A couple of caveats before I start. Most mortgage industry people do not like the ten-year product. They will say that the rates are higher, that the payout penalty is too high and that, based on historical data, choosing the ten-year fixed has cost you more in interest payments the vast majority of the time. That said, past results are not necessarily an indicator of future performance, and I think any conservative borrower who wants interest rate protection should give the ten-year fixed-rate mortgage a long look. Here’s why:
If it’s interest rate protection you seek, a five-year mortgage doesn’t actually give you much. While most experts would agree that we are at or very near the bottom of the current interest rate cycle, this only tells half the story. What we’d really like to know is when rates will start to rise. Assume, for example, that rates start going up three years from now. Taking a five-year mortgage today would give you two years of “real” protection before you were forced to renew your mortgage rate in a rising rate environment. In that scenario, the premium you pay for the protection you get isn’t worth it.

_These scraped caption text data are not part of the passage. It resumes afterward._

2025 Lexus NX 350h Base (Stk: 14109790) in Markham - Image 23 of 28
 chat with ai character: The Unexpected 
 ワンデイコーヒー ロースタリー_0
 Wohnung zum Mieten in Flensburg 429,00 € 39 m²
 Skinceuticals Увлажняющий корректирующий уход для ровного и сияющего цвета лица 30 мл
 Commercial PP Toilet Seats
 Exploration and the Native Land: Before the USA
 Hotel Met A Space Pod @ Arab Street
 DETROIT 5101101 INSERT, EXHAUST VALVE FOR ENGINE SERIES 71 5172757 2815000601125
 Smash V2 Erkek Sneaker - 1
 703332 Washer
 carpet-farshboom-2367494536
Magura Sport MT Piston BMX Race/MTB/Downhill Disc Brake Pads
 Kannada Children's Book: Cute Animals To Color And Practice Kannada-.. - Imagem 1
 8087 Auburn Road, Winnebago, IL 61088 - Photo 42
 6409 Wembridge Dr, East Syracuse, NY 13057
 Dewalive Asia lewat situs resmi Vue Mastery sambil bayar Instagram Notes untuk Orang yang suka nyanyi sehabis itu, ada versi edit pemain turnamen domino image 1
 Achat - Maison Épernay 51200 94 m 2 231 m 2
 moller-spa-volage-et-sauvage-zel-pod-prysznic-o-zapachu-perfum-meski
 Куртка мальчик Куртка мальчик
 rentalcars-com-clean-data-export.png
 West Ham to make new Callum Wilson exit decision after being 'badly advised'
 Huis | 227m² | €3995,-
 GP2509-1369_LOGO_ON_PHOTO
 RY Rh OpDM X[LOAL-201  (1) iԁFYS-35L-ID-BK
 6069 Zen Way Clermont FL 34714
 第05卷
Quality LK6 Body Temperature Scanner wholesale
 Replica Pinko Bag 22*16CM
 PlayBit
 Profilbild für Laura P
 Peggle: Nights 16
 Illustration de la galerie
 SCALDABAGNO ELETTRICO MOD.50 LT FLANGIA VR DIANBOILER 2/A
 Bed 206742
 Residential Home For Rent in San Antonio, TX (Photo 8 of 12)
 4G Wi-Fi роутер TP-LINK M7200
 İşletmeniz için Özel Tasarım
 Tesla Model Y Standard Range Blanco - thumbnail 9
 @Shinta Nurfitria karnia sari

With a ten-year fixed product, the timing of when rates will rise becomes less of an issue. If you believe that we are near the bottom of the interest rate cycle and if you expect rates to rise at some point in the future, then locking in your rate for the longest possible period makes the most sense. Using the scenario above, if rates start to rise after three years you still enjoy seven years of protection. When we add in the fact that the premium you pay today for a ten-year term is at or near its all-time low, the ten-year starts to look attractive. To put today’s ten-year rate into further perspective, consider that right now it costs you around 3.64%, which is much lower than the average five-year fixed rate over the past ten years (calculated by taking the Big Five bank’s average rate over the past ten years minus 150 basis points: 6.07% – 1.5% = 4.57%).
Probably the biggest knock on the ten-year fixed is the penalty you have to pay if you want to discharge early. It’s true that if you break your mortgage in the first five years your penalty will be huge, so if you think you will move or refinance in less than five years this product is not for you. What many borrowers and agents don’t know however is that after five years, the Interest Rate Act mandates that lenders may only charge a maximum prepayment penalty of three months interest. So as long as you keep your mortgage for the first five years, you are effectively getting a second five-year option that costs three months interest if you decide not to use it to the end of its term. If you think rates are going up, that’s a pretty sweet deal.
A final thought. A ten-year fixed rate can be combined with a floating rate line of credit to create a readvanceable mortgage for anyone who wants to balance short term interest cost savings with long term rate protection. In fact, when I bought my first house in 2003 I chose a readvanceable mortgage with a ten-year fixed term at 5.35%. In retrospect, other products would have resulted in lower interest payments, but if disaster had struck I was well protected. I don’t regret paying more for some extra insurance I didn’t end up needing.